Dunedin's Chamber of Commerce says the rest of the city needs to lift its game to match the growth of Otago University.
The university is spend $650 million on new buildings over 15 years.
The Priority Development Plan of 23 major projects includes new centres for humanities and the performing arts and a new aquarium.
The chief executive of the Otago Chamber of Commerce, John Christie, says the plan will change the face of large parts of the central city.
He says it should also challenge other parts of the community to find different growth opportunities.
Otago University said when it announced the plan on Friday, that big injection of capital would will change the look of its main campus in Dunedin, but also those in Christchurch and Wellington.
The highest priority was being given to the complete refurbishment of New Zealand's only dental school, at a cost of at least $50 million within five years.
Other buildings include new centres for humanities and the performing arts, upgraded science buildings and a new aquarium, likely to be in the centre city.
Building companies had been shifting resources north to earthquake-hit Christchurch and its rebuild.
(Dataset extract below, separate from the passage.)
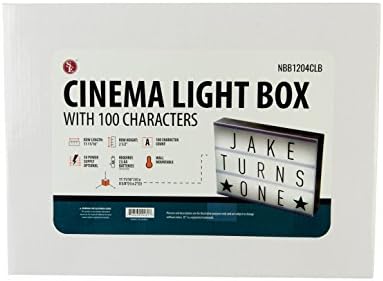 Se Cinema Light Box sa 100 znakova - NBB1204CLB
But Otago Chamber of Commerce chief executive John Christie believes the plan will do far more than just help keep construction companies from leaving the Dunedin.
"The university's a significant player anyway in our city, but to have a construction programme such as this will change the way the city looks and feels.
"It will provide, I think, some of the best teaching facilities we'll see in the country, and that's got to be an attraction for future students, which is again another significant benefit for our city."
Otago University's chief operating officer John Patrick says the plan will help business to plan ahead.
"There's a lot of construction capability that has been moved to Christchurch, and so we wanted the construction industry to understand what we were planning so that they knew and we would really like them to get involved."
Mr Patrick said the building plan should also give certainty to the university's own departments about their new facilities to come.
Otago University Students' Association's president Ruby Sycamore-Smith said there are areas of the university that need a facelift and she welcomes the plan, but it can't come at the cost of student support.
The university said it may do some borrowing to fund the plan, but it would not need to borrow a lot.